Exercise details
Take the lines below beginning at the line that has "빌트록스 AF 55mm" and stopping after the line that has "ZhiHai LED High Bay Light", and print them exactly as they are, with no other lines.

Data for this exercise
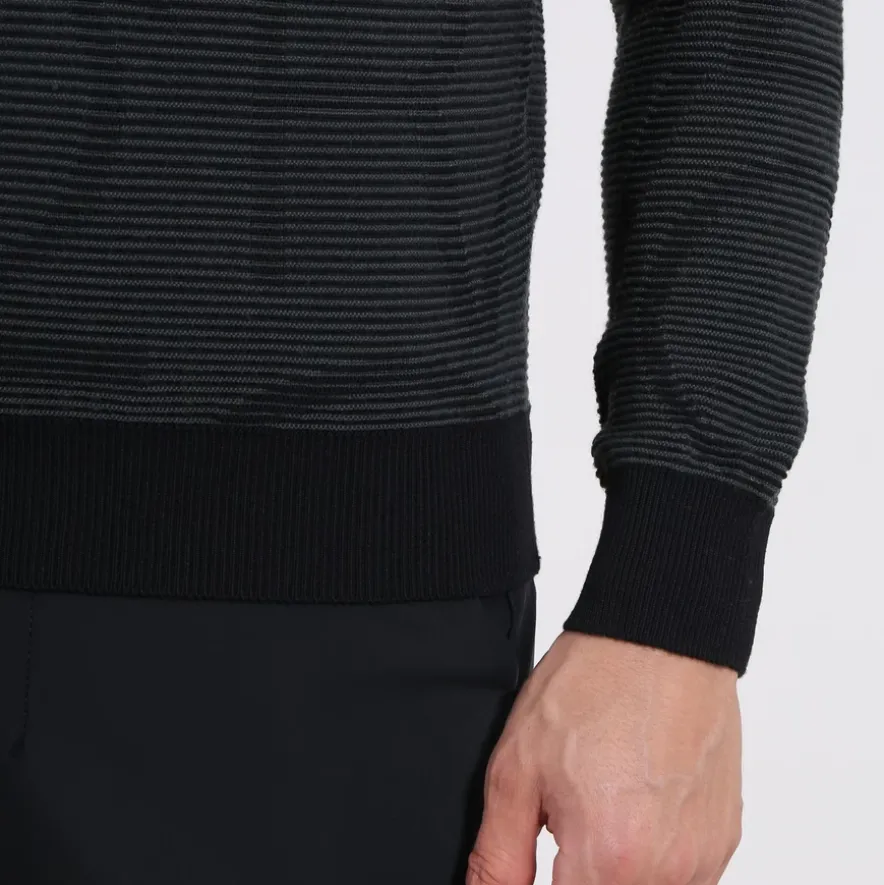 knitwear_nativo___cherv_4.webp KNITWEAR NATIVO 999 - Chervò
---
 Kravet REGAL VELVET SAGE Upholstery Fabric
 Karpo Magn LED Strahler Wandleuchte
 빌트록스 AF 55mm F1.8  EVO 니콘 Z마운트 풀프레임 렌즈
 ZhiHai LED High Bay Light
* * *
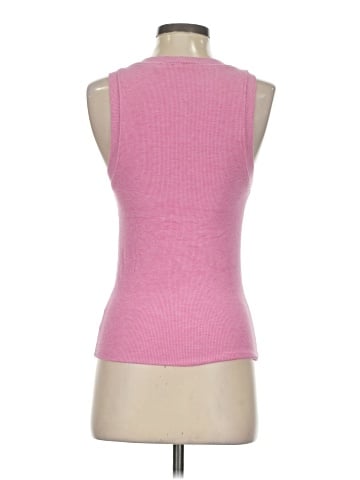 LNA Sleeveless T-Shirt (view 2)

Result of the exercise
 빌트록스 AF 55mm F1.8  EVO 니콘 Z마운트 풀프레임 렌즈
 ZhiHai LED High Bay Light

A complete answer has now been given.